In her 1993 book, Monstrous Imagination, literary scholar Marie-Hélène Huet draws attention to Percy Shelley's overlooked role as a general creative influence, noting especially the influence of Rousseau's La Nouvelle Héloïse on the novel, which Percy had read at the time of writing, but Mary had not. Huet also highlights several instances where Percy had replaced Mary's more plain diction with his own vocabulary, calling this "unimpeachable evidence" that Percy was—as Rieger claimed—at least a minor collaborator. She argues that Percy is responsible for the novel's themes of human procreation and sterility, and credits Percy for developing the contrast between the characters of Victor and Elizabeth, and the idea that Frankenstein should travel to England to create a female partner for his monster. Editor Duncan Wu disputes this, claiming that Mary had already established both ideas, and that Percy only suggested that the trip to England should be Victor's own idea, not his father's.

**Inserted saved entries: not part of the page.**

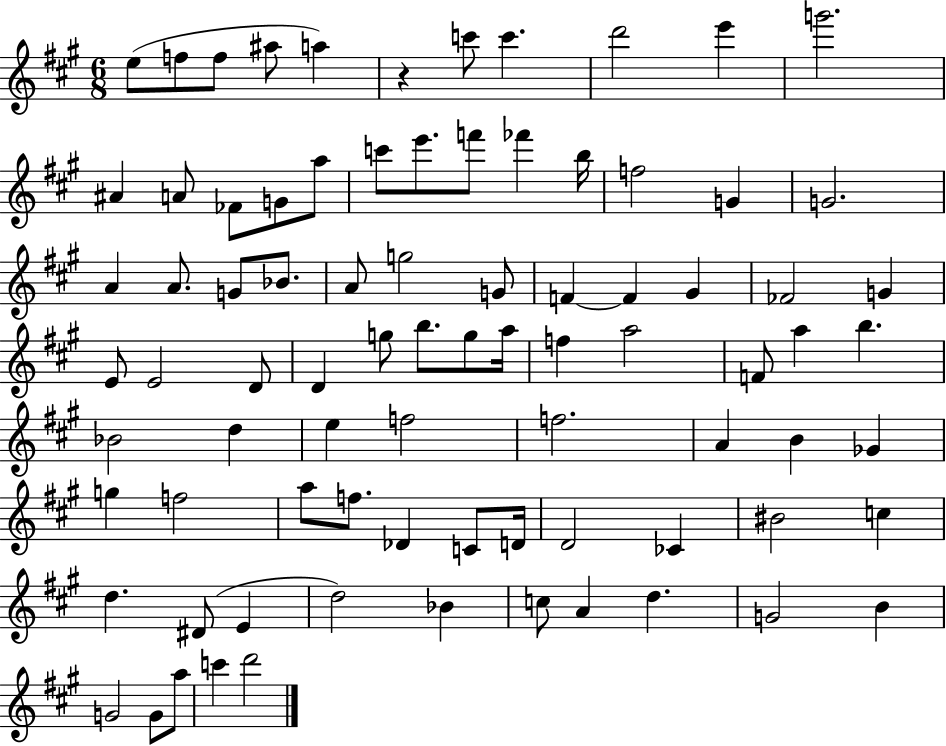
{
  \clef treble
  \numericTimeSignature
  \time 6/8
  \key a \major
  e''8( f''8 f''8 ais''8 a''4) | r4 c'''8 c'''4. | d'''2 e'''4 | g'''2. | \break ais'4 a'8 fes'8 g'8 a''8 | c'''8 e'''8. f'''8 fes'''4 b''16 | f''2 g'4 | g'2. | \break a'4 a'8. g'8 bes'8. | a'8 g''2 g'8 | f'4~~ f'4 gis'4 | fes'2 g'4 | \break e'8 e'2 d'8 | d'4 g''8 b''8. g''8 a''16 | f''4 a''2 | f'8 a''4 b''4. | \break bes'2 d''4 | e''4 f''2 | f''2. | a'4 b'4 ges'4 | \break g''4 f''2 | a''8 f''8. des'4 c'8 d'16 | d'2 ces'4 | bis'2 c''4 | \break d''4. dis'8( e'4 | d''2) bes'4 | c''8 a'4 d''4. | g'2 b'4 | \break g'2 g'8 a''8 | c'''4 d'''2 | \bar "|."
}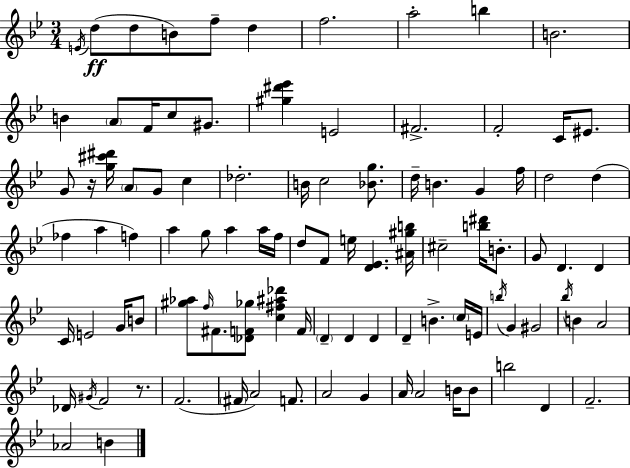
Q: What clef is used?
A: treble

English professor Charles E. Robinson published a 2008 edition of the novel entitled The Original Frankenstein, which thoroughly documents Percy Shelley's additions and changes to Mary's original manuscript. This edition listed the author as "Mary Shelley (with Percy Shelley)", causing widespread media comment and discussion. In The Neglected Shelley, Robinson examined Percy's allegedly significant contributions to the novel in greater detail.

A 2022 stylometric analysis compared Frankenstein to the undisputed novels of Mary and Percy Shelley, and found significant evidence against the claim that Percy Shelley played a large role in the authorship of the novel, and in favour of Mary's overall authorship.